[cryptography] Duplicate primes in lots of RSA moduli
pgut001 at cs.auckland.ac.nz
Wed Feb 22 21:44:08 EST 2012
Marsh Ray <marsh at extendedsubset.com> writes:
>Obviously this story is made up and probably not even fully consistent. But
>having worked a little bit around hardware engineers it seems to me like a
>very plausible scenario, if not typical.
It's actually pretty spot-on until about the "I notice the TI CC2530 uses a
LFSR" bit, which I think would be going a bit far for many hardware engineers.

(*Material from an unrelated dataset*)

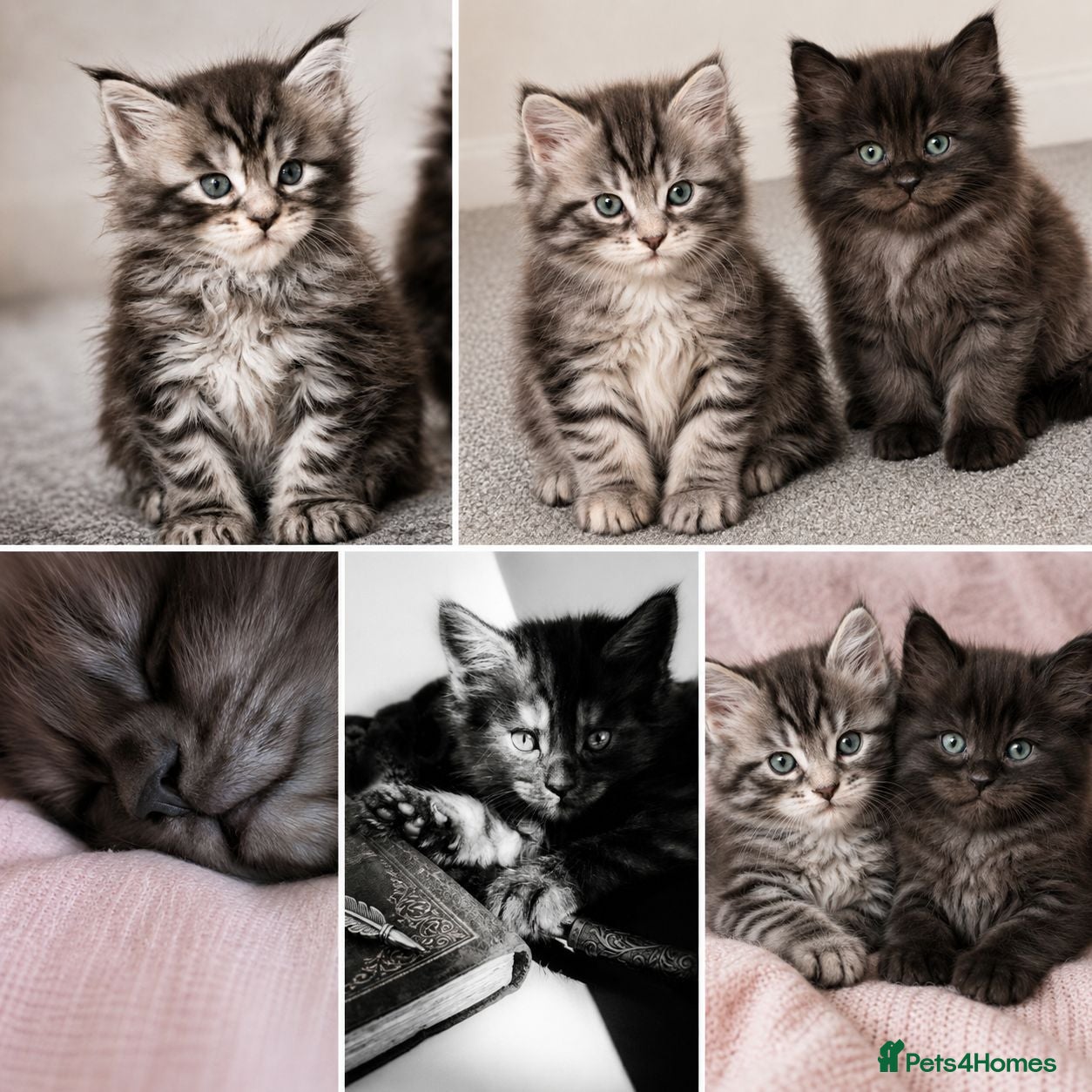 Maine Coon cats 🐾 Stunning Maine Coon Kittens Looking for  - Advert 3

These are guys who pride themselves in being able to construct a working PWM
from toothpicks, a case of 3/18" boxcar prawns, and cannibalised parts from a
Speak-n-Spell. A zener and a Schmitt trigger will do fine, or clock drift
between something and something else. It shouldn't take more than ten minutes
to solve, and then we can get back to solving real problems like those odd
noise spikes in the sensor input.
(I don't mean that in any kind of negative way, an embedded systems engineer
would - or at least should - be very good at getting hardware working under
adverse conditions, but shouldn't be expected to be a security geek).

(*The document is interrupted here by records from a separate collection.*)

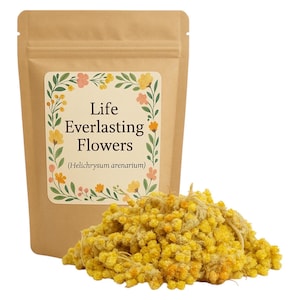 NOCE NERO D'AMERICA – Juglans Nigra - Foto 9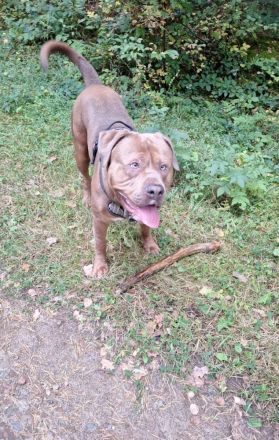 Rotweiler mix sucht zu Hause  3 Jahre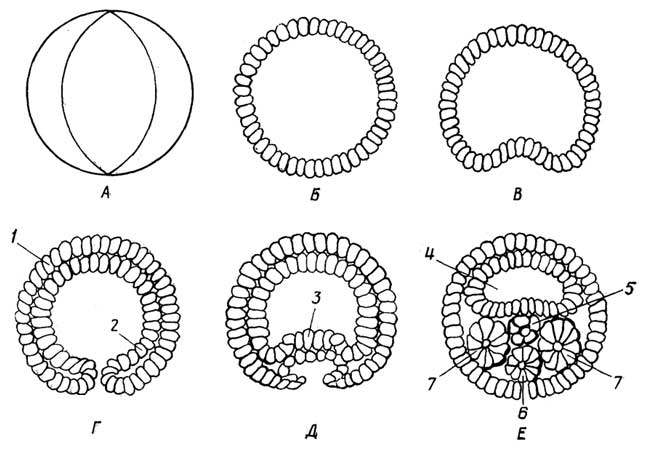 Рис. I.33. Развитие эмбриона у низших животных: А - деление яйца; Б - бластула; В - начало образования гаструлы; Г -гаструла; Д - возникновение мезодермы; Е - начало образования внутренних органов. 1 - эктодерма; 2 - энтодерма; 3 - мезодерма; 4 - полость первичной кишки, 5 - зачаток хорды; 6 - нервная трубка; 7 - зачаток внутренних органов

>if *I* had been in that product design meeting, what could I have said to
>convey the real issue in concrete terms that would have focused the attention
>where it needed to be in order to avoid the mass vulnerability.

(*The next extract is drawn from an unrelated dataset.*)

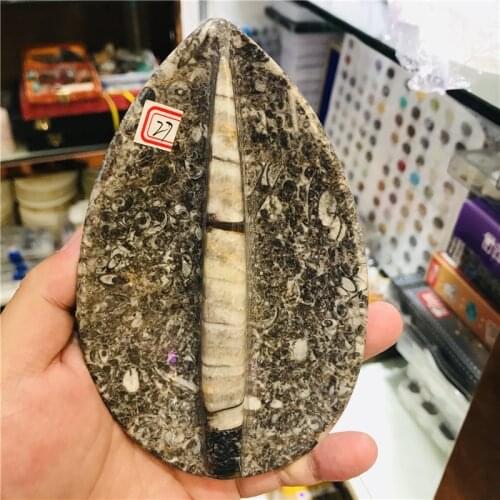 Natural crystal fossil right Angle fossil specimen collection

I've been involved in situations like this, and once you get over a very, very
small threshold "just make it go" overrides everything else. In the end the
quality of the RNG often comes down to how much time and effort the individual
tasked with doing whatever part of the system it's associated with decides to
invest in it. I've seen the bare minimum, I've seen pretty good (if somewhat
uninformed) attempts, I've seen people distract themselves for three weeks
with Diehard and then cobble something together at the last minute, it
usually ends up coming down to what one individual feels like doing.